With "Ventriloquism," Ndegeocello and her ace band do not perform a set of newly written originals, but rather a collection of 11 cover songs of selections originally performed and released in the 1980's and 1990's. The result is a stunning, atmospheric album where the traces of the original songs, once performed by the likes of Lisa Lisa and Cult Jam with Full Force, TLC, Janet Jackson, Ralph Tresvant and others, are obviously apparent even as Ndegeocello somehow, someway makes these songs, so particularly idiosyncratic, all her own...and that even includes her BOLD re-workings of no less than George Clinton's "Atomic Dog," Sade's "Smooth Operator," and good gracious, Prince's elegiac, devastating "Sometimes It Snows In April." 

Succulent and oozing with invention and innovation, this also may be one of the year's very best albums.
Released March 23, 2018
NEW 2018 MUSIC: You know, I had just about had had it up to here with Jack White--at least, with the releases of his previous two official albums both solo "Lazaretto" (released June 10, 2014) and with the third album from The Dead Weather entitled "Dodge And Burn" (released September 25, 2015).

To my ears, those albums were two disappointing works that felt as if White had run out of ideas completely as they were each by turns, squeaky, squawky, shrill, sadly recycled and armed with a level of entitled cultural appropriation that was borderline offensive (honestly, Jack Black is blacker than Jack White) and down right pouty as his feud, such as it is, with The Black Keys' Dan Auerbach was one that he was definitely losing as Auerbach was making exceedingly better albums by this point.

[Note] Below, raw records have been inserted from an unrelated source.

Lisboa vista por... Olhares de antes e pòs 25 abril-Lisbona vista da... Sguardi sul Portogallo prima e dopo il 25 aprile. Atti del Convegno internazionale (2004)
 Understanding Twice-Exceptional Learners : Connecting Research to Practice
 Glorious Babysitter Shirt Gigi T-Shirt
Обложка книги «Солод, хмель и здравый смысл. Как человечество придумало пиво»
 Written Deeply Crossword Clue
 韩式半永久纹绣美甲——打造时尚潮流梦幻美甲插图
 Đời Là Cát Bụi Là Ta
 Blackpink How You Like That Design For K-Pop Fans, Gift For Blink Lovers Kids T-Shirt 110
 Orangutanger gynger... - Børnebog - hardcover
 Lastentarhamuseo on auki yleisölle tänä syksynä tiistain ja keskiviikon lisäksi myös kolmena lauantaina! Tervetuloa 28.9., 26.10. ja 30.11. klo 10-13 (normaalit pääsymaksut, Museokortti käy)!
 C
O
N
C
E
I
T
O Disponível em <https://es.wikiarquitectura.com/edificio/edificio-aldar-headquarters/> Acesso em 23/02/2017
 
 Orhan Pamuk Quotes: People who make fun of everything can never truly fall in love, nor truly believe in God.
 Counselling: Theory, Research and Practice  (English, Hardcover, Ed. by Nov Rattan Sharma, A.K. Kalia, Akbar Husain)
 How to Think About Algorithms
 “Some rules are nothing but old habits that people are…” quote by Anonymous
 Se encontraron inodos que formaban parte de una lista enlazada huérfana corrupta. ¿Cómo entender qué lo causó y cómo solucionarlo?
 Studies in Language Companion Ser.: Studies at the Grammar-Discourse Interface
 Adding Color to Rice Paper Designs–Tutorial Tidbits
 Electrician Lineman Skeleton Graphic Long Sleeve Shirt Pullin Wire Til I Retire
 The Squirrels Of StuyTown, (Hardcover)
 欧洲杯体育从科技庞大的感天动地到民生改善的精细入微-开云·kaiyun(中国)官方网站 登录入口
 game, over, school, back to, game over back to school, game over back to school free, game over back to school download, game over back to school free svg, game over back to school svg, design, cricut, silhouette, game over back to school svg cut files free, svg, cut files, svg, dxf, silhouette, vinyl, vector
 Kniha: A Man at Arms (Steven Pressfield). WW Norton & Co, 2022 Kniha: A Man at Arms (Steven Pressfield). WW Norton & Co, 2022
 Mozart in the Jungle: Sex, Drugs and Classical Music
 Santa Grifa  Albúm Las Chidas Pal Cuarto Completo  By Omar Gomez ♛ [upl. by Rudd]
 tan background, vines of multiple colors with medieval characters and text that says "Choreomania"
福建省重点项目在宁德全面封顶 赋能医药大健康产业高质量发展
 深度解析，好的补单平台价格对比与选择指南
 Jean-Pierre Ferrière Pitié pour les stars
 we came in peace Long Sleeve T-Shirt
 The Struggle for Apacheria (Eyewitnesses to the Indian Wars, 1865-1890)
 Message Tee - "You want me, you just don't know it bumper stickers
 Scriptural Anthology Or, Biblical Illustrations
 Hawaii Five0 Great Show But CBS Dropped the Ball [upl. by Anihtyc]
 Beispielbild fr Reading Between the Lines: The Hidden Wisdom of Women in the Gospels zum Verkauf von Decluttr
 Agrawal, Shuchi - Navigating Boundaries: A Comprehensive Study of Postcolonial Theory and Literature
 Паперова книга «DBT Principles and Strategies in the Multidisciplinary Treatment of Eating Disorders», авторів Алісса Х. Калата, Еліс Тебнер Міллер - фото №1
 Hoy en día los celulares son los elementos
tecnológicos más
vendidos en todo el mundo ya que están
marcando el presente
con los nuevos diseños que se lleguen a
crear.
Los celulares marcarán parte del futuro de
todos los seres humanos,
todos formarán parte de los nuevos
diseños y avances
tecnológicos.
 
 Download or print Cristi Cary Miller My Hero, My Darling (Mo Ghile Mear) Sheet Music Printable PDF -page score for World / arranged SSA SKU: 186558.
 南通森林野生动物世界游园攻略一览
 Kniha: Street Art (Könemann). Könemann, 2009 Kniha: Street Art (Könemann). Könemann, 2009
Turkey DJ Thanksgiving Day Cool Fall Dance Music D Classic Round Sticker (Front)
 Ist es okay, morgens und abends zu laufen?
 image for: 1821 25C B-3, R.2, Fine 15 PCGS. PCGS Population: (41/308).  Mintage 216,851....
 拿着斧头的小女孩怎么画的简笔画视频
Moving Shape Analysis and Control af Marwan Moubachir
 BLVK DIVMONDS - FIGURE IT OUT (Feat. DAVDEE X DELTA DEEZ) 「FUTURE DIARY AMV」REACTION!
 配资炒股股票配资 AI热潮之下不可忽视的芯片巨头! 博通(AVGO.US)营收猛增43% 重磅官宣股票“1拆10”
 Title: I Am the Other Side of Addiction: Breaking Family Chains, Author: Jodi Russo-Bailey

Perhaps the four years away have been a great time for Jack White to re-group and re-think his approaches, especially with those silly boundaries he places upon himself from color schemes and strict adherence to archaic recording technology which does smack of arrogance rather than preference. With "Boarding House Reach," his third solo release, White has thrown out the rule book altogether and clearly sounds like he is having fun being lost in the unpredictable throes of creation Because of that kid-in-a-candy-store exuberance, the album works incredibly well, making this the first White related release I have thoroughly enjoyed since his first solo album "Blunderbuss" (released April 23, 2012).

Opening with the power ballad/gospel tinged utopian plea of "Connected By Love" and closing with "Humoresque," allegedly based upon an original tune composed by none other than Al Capone and filled end to end with all manner of spoken word segments, funk workouts, conga lines, deranged hip-hop beats, vocoder weirdness, bizarre synthesized advertisements as if Jim Morrison created television infomercials from a backwoods revival tent and of course, White's trademark guitar hero slashings. If it sounds like a mess, maybe it is. But for me, I thoroughly enjoyed the "anything goes" aesthetic as I had no idea of what would be arriving next, making the entirety of the album one surprise after another as it felt to be a work of full artistic rejuvenation.

And if he brings back The Raconteurs, we'll definitely be solid again.